The Optionclaim personal and family legal expenses policy has been revamped after the brand was sold to Roman Associates, a new company headed by former Optionclaim director Marlon Potts.

Optionclaim went into voluntary liquidation last July after running up debts, including £700,000 owed to car hire giant Hertz.

It follows the adverse decision for uninsured loss recovery firms in the landmark Dimond v Lovell legal case.

The case made policies that did not comply with the Consumer Credit Act unenforceable.

A statement issued by Optionclaim's legal advisers at the time of its liquidation said: “Optionclaim ran into cashflow problems as a result of the Dimond v Lovell ruling, which has affected the whole ULR industry.”

The uninsured loss recovery specialist's 500,000 policyholders and claims handling staff have been transferred to Roman Associates.
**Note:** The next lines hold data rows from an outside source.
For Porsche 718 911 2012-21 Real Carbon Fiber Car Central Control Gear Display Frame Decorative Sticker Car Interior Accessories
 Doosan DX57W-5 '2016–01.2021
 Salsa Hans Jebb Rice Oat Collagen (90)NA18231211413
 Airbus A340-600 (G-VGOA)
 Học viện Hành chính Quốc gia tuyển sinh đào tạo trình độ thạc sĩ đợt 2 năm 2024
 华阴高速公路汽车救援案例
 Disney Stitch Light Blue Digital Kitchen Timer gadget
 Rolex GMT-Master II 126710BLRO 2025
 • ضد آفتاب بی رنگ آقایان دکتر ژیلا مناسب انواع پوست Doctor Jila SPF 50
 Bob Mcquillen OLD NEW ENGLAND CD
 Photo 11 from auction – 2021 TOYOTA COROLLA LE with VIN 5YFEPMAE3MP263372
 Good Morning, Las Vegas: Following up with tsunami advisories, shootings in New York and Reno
The new owner has retained the widely recognised Optionclaim brand, which has five distinct areas of cover – consumer disputes, domestic claims, personal accident, employment claims and professional negligence.

A spokesman for Roman Associates explained the reason for the policy's facelift.

He said:”This is the first step in a major overhaul of the existing product lines, and has been well received by brokers.

“As new players in the legal expenses market, we felt it was essential to maintain the Optionclaim name, which we have found is well respected in the market.”

The Optionclaim policy pays up to £25,000 for legal representation and is underwritten at Lloyd's.